Five examiners famously accused of bumping up the A-level results of public school candidates are celebrating victory over the giant University of Cambridge board.

The five achieved notoriety last year after savage criticism from the government’s curriculum quango and the Secretary of State.

But this week their former employer staged a dramatic climbdown. The University of Cambridge Local Examinations Syndicate (UCLES) apologised for any damage to their professional reputations and agreed compensation, believed to be substantial.

The out-of-court settlement was reached shortly before an industrial tribunal hearing for unfair dismissal.
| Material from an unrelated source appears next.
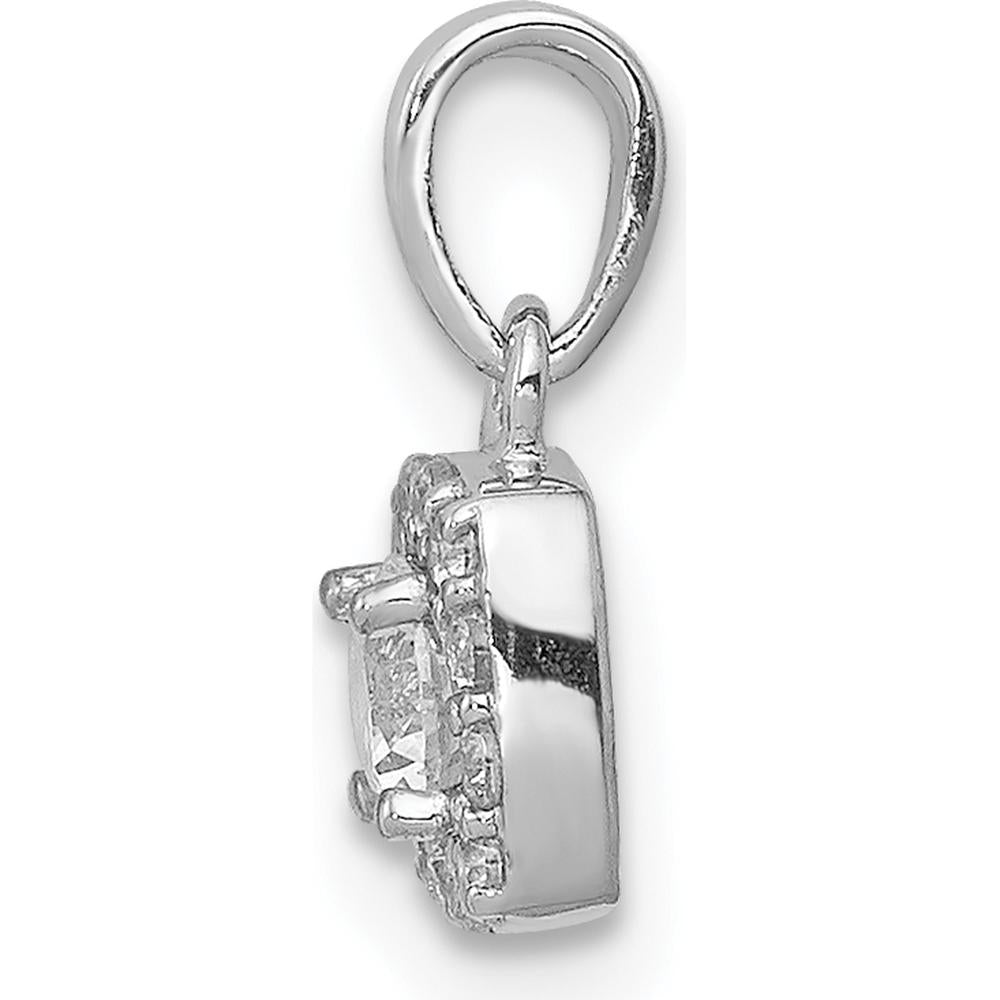 14K White Gold Diamond Square Halo Pendant with Round Diamonds - 0.22 Carat Total Diamond Weight by Monteluci Fine Jewelry
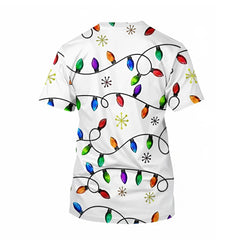 Ugly Christmas T-Shirt 3D Flashing Lights Festive Holiday Graphic Golf Shirt for Men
The five examiners had lost their jobs amid claims that they revised students’ grades upwards, to put them in line with predicted results. Most candidates at the Oxford and Cambridge board (part of UCLES) came from public schools.

The uproar reached a crescendo last year with an unprecedented report from the then School Curriculum and Assessment Authority. This said that examiners’ lax standards led to “unjustified and unsupported” top grades.

The then education secretary Gillian Shephard attacked the examining team while Labour spokesman, David Blunkett, called for the Oxford and Cambridge board to be abolished.

But in a new twist, the UCLES board appears to have conceded that the five examiners did nothing wrong. In a statement released this week, it says: “it has been jointly agreed that in 1996 (the) A-level English literature awarders followed established procedures and protocols which had been in place for a number of years.

“UCLES regrets any damage that has been occasioned to the professional reputations of the awarders.”

The examiners have maintained from the start that the chaotic adjustment of A-level grades was caused by a lack of computer support from UCLES, not by their own sloppiness.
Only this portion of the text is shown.